§ **Exercise aim**:
Using the data that follows, output only the lines from the line with "Fiat Linea sol arka kapı dolu orjinal Beyaz" up to and including the line with "Mercedes-Benz W124 (1984-1993) - 21", exactly, leaving pictures aside.

§ **Exercise data**:
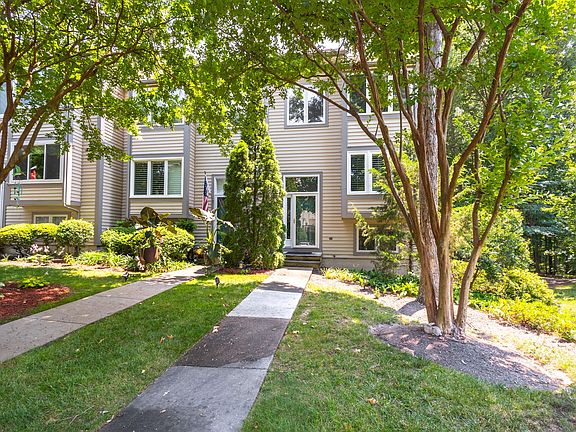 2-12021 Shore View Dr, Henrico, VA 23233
==
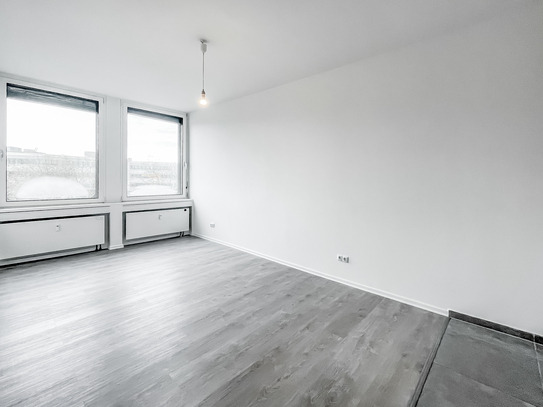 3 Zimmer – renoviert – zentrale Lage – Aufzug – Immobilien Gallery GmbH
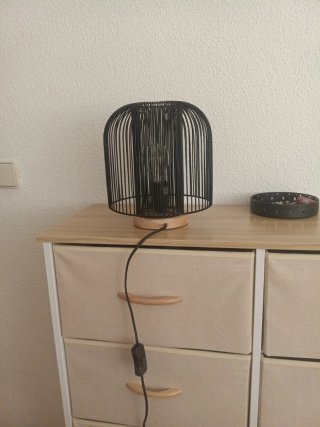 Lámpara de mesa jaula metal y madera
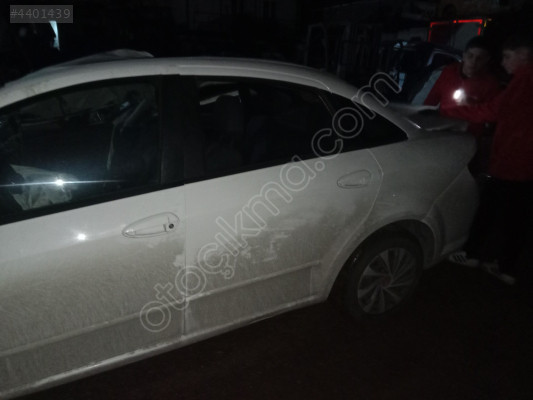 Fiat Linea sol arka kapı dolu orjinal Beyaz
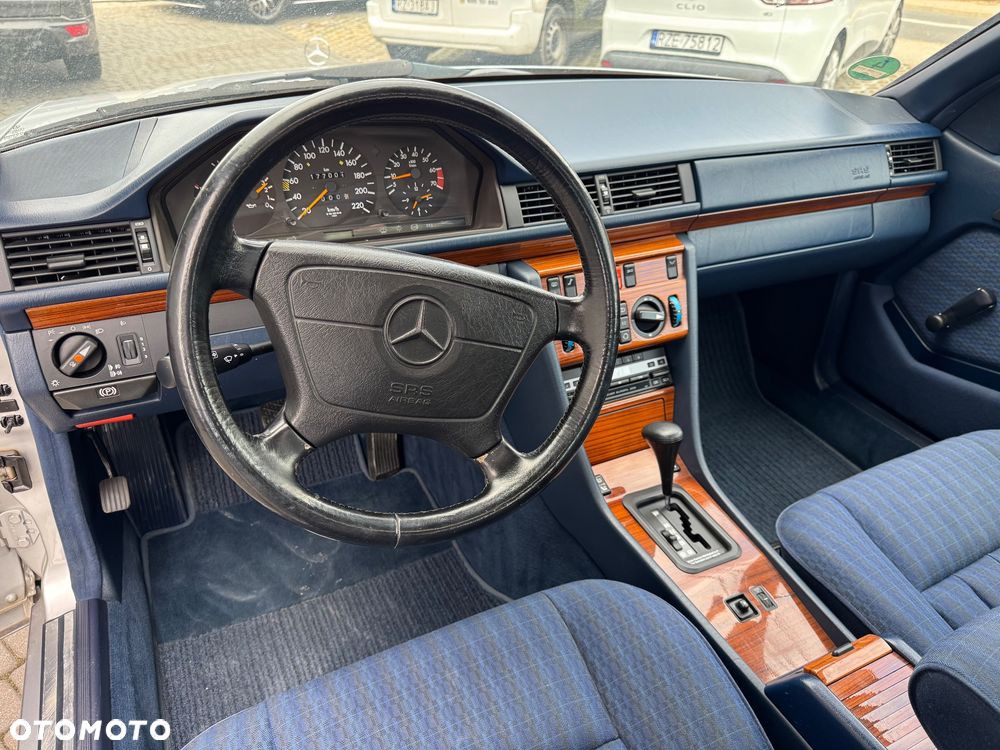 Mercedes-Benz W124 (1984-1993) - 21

§ **Response**:
 Fiat Linea sol arka kapı dolu orjinal Beyaz
 Mercedes-Benz W124 (1984-1993) - 21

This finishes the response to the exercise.